At one time the principle of Plural Marriage was sanctioned by The Church of Jesus Christ of Latter-day Saints, and for a time was connected with the New and Everlasting Covenant of Marriage, but is no longer connected therewith. Therefore, Plural Marriage is no longer a policy of The Church of Jesus Christ. President Wilford Woodruff stated in 1890, "We are not teaching polygamy or plural marriage, nor permitting any person to enter into its practice" (Official Declaration - 1).
President Joseph F. Smith had this to say in 1904, after hearing that new plural marriages were being conducted after the issuance of the Manifest in 1890. He said, "I hereby announce that all such marriages are prohibited, and if any officer or member of the Church shall assume to solemnize or enter into any such marriage, he will be deemed in transgression against the Church, and will be liable to be dealt with according to the rules and regulations thereof and excommunicated therefrom" (Conference Report, April 1904, p. 97).
In the October 1998 General Conference, President Gordon B. Hinckley said,
If any of our members are found to be practicing plural marriage, they are excommunicated, the most serious penalty the Church can impose.
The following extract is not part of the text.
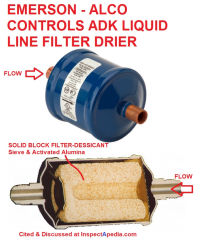 Emerson Alco Controls liquid line refrigerant filter drier using solid block filter - cited & discussed at InspectApedia.com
Not only are those so involved in direct violation of the civil law, they are in violation of the law of this Church. . . . There is no such thing as a "Mormon Fundamentalist." It is a contradiction to use the two words together. More than a century ago God clearly revealed unto His prophet Wilford Woodruff that the practice of plural marriage should be discontinued, which means that it is now against the law of God. Even in countries where civil or religious law allows polygamy, the Church teaches that marriage must be monogamous and does not accept into its membership those practicing plural marriage.